■ Exercise details ■
Below are the records. Gather each line that holds "Premium".

■ Task data ■
[Start of Attachment]
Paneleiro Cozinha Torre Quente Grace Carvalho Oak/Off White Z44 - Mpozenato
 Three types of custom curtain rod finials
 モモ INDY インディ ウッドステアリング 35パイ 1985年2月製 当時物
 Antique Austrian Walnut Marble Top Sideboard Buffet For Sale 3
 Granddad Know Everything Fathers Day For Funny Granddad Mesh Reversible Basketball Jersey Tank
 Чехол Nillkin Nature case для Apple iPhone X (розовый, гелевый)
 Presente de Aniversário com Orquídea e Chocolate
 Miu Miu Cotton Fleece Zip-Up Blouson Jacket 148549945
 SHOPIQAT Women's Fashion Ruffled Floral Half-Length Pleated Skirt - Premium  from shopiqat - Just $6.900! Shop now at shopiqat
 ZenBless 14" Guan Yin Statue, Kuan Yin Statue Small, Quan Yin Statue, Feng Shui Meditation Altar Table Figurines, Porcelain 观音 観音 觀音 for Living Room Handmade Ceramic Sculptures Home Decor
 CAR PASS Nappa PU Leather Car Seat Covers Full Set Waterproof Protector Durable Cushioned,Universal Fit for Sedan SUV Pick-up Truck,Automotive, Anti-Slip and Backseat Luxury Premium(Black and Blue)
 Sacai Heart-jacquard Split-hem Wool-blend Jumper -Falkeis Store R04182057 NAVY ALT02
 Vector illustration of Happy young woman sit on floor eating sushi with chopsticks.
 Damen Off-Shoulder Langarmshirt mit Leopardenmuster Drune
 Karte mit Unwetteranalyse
[End of Attachment]
■ Answer below ■
 SHOPIQAT Women's Fashion Ruffled Floral Half-Length Pleated Skirt - Premium  from shopiqat - Just $6.900! Shop now at shopiqat
 CAR PASS Nappa PU Leather Car Seat Covers Full Set Waterproof Protector Durable Cushioned,Universal Fit for Sedan SUV Pick-up Truck,Automotive, Anti-Slip and Backseat Luxury Premium(Black and Blue)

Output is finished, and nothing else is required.